People v. Ayhens

24 P. 635, 85 Cal. 86, 1890 Cal. LEXIS 873
CourtCalifornia Supreme Court
DecidedJuly 30, 1890
DocketNo. 20657
StatusPublished
Cited by15 cases

This text of 24 P. 635 (People v. Ayhens) is published on Counsel Stack Legal Research, covering California Supreme Court primary law. Counsel Stack provides free access to over 12 million legal documents including statutes, case law, regulations, and constitutions.

Bluebook
People v. Ayhens, 24 P. 635, 85 Cal. 86, 1890 Cal. LEXIS 873 (Cal. 1890).

Opinion

Belcher, C. C.

The defendant was charged with the crime of obtaining property by false pretenses. The information against him was filed in the superior court on the seventeenth day of October, 1889, and it alleged that the crime was committed on the twenty-sixth day of June, 1888. The defendant demurred to the information, upon the ground, among others, that the prosecution was barred by the provisions of section 801 of the Penal Code. The court sustained the demurrer and dismissed the case, and the people appeal.

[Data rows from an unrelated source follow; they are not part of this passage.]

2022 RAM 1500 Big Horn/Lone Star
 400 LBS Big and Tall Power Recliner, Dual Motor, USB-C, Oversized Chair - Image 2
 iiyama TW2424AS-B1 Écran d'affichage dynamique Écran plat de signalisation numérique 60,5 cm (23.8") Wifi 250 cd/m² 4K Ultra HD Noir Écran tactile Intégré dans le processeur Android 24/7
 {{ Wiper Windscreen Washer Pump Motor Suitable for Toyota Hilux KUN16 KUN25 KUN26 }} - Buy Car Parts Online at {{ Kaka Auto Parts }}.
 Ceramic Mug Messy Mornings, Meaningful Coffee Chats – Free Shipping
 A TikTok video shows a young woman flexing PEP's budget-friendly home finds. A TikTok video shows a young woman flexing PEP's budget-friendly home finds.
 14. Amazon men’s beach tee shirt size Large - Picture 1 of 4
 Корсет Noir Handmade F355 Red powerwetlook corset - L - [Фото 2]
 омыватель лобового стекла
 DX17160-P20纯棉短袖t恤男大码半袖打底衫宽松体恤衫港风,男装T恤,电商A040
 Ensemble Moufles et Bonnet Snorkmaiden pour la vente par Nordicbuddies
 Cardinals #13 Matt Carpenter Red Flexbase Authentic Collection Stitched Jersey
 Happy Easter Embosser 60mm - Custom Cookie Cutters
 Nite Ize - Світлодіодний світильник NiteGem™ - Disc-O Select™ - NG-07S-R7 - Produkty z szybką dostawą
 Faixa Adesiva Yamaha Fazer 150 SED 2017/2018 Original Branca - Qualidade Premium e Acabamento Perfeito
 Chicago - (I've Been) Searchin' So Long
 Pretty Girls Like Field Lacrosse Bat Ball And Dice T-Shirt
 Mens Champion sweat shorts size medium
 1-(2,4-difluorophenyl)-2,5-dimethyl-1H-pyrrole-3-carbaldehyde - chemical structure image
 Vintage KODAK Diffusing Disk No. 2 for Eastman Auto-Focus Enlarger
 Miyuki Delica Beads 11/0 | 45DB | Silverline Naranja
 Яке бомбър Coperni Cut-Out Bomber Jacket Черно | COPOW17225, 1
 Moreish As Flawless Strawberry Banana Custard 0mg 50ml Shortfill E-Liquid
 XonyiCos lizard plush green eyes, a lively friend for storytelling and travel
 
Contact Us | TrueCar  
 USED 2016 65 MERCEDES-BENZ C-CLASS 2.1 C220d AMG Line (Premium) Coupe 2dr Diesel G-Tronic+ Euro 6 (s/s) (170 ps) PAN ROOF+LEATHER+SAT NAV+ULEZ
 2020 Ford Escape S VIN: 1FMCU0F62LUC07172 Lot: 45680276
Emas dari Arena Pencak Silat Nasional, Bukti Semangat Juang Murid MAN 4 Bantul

1. The Penal Code made the offense charged, at the time of its alleged commission, a misdemeanor (secs. 17, 533); and it provided that an information for any misdemeanor must be filed within one year after its com[88]*88mission. (Sec. 801.) It is, however, argued for appellant that the “ information ” referred to in the above section is the complaint made before a committing magistrate for the issuance of a warrant of arrest, and that, as the complaint in this case was filed within a year, the prosecution was not barred.

The constitution provides as follows:—•

“ Offenses heretofore required to be prosecuted by indictment shall be prosecuted by information, after examination and commitment by a magistrate, or by indictment, with or without such examination and commitment, as may be prescribed by law.” (Art. 1, sec. 8.)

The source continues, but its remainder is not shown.